Accanto a questa Italia, ce n’è un altra – ma è la stessa e lo diciamo con orgoglio, fierezza e riconoscenza – quella che non ha tempo di accedere alle chat, non ha tempo di postare sui social né di leggere alcunchè, non può passeggiare per le vie delle città, non può sostare nei parchi, nelle chiese, e paradossalmente non può neppure obbedire ”secondo la legge” e attendere chiusa nella propria casa: sono le persone che si stanno prendendo cura di tutti noi, a livello scientifico, medico, ospedaliero, commerciale (alimentare), pubblico (le amministrazioni e le forze dell’ordine), volontario, ciascuno secondo la propria natura e competenza. In tutto questo (miracolo?) ci scopriamo più vicini: ci si accorge del malato, ci si prodiga per chi ha bisogno, i credenti pregano insieme dimenticandosi di ”sparlare” del proprio vicino di panca, il social web sale in vetta alle classifiche quanto a comunicazioni di speranza, di fiducia, non più fucina di insulti e improperi ma con un’unica voce: #andràtuttobene.
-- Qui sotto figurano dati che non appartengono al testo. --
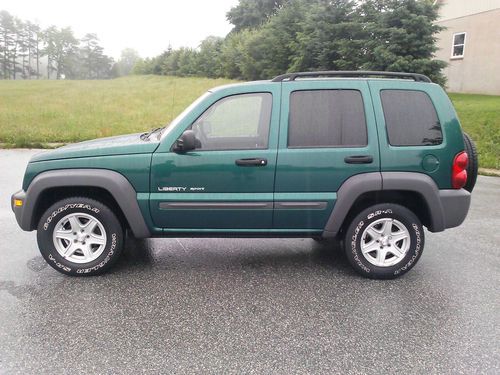 03' Jeep Liberty Sport*VERY CLEAN*RUNS GREAT*SHARP, image 5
E l’arcobaleno, che rappresenta una composizione di colori unica, dice a gran voce che solo l’insieme di microscopiche gocce d’acqua irradiate dal sole, può garantire a colpo d’occhio una gioia possibile che affascina tutti, pur dopo il temporale. E anche a frontiere chiuse, ci si ritrova ad aiutarci a vicenda, oltre le frontiere.

A. D.  MMXXI

Come sarà il futuro? Cosa ci riserverà? Non facciamo proiezioni. Esse sono come le previsioni del tempo: a volte ci fidiamo, a volte ci azzeccano, ma non possono predire il futuro. Abbiamo il dono dell’intelletto e della scienza, che ci hanno fatto fare passi da gigante a favore dell’umanità (ahimè, qualche volta anche contro) e ce ne farà fare ancora di positivi. Abbiamo il dono della fede, di ogni fede, che invoca Dio ed esprime la convinzione che lui ci sta a cuore come noi stiamo a cuore a lui. Per questo preghiamo, per questo non viviamo di aspettative ma di fiducia, ”sperando contro ogni speranza”. E avremo il dono dell’esperienza di questi giorni bui e sofferti, nei quali abbiamo scoperto, pagando di persona, che è possibile dare un volto nuovo alla ”con-divisione”, alla ”com-passione”, alla ”com-unione”: i nostri stessi volti. E la ferma convinzione che tutto questo dipende (solo) da noi.